**Entries shown:**

__________________________________________________

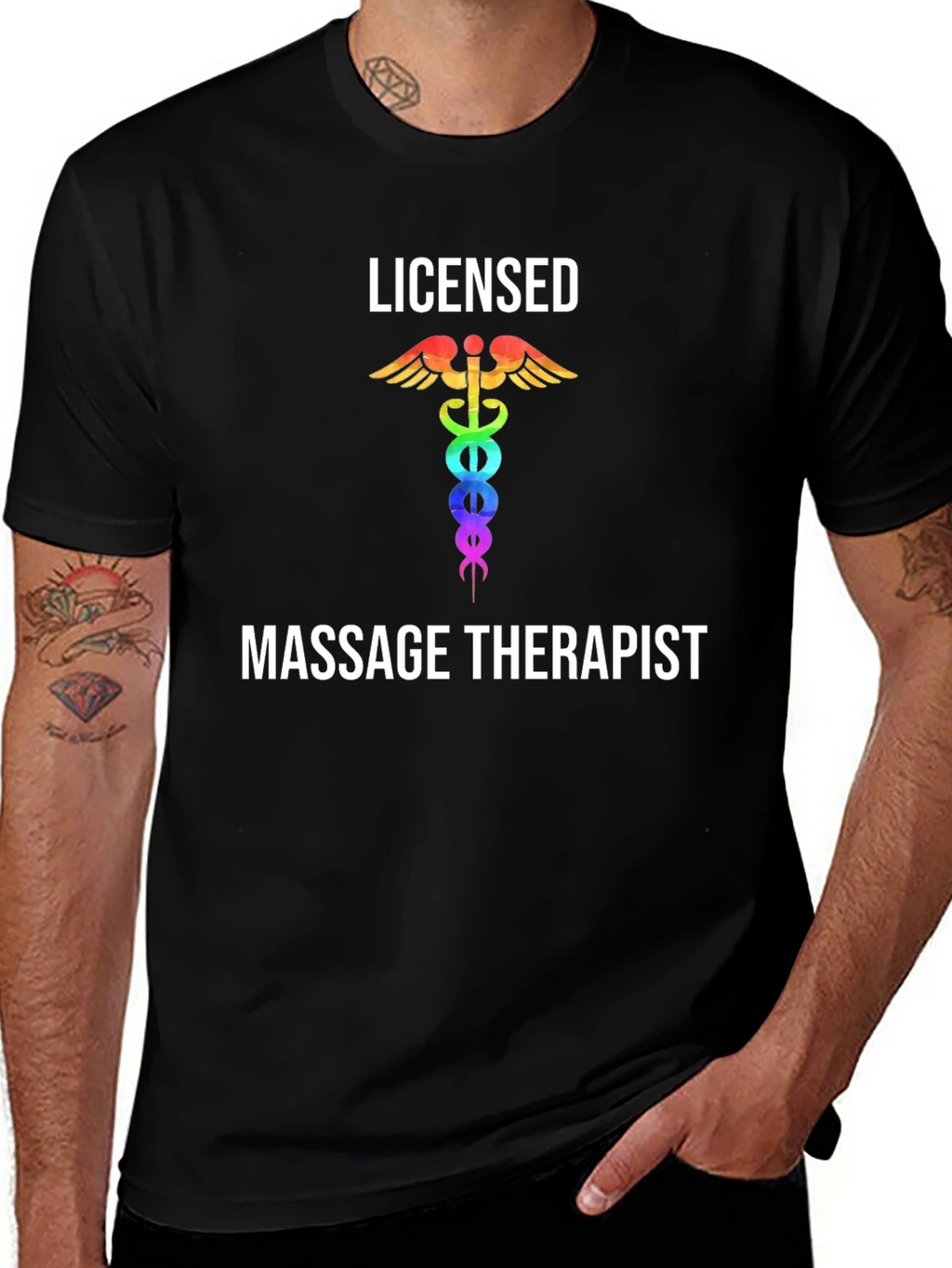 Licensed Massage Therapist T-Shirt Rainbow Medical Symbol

__________________________________________________

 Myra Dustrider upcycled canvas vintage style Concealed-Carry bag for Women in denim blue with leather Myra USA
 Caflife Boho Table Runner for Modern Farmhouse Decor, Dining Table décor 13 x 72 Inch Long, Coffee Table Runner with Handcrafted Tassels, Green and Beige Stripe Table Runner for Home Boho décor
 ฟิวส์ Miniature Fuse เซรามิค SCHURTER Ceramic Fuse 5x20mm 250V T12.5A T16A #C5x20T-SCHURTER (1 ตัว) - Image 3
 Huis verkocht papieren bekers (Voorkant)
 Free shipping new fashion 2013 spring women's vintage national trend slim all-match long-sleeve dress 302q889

__________________________________________________

**Work order:** Note which lines carry the word "with" in the material, then copy each of them.

**Solution to this exercise:**
 Myra Dustrider upcycled canvas vintage style Concealed-Carry bag for Women in denim blue with leather Myra USA
 Caflife Boho Table Runner for Modern Farmhouse Decor, Dining Table décor 13 x 72 Inch Long, Coffee Table Runner with Handcrafted Tassels, Green and Beige Stripe Table Runner for Home Boho décor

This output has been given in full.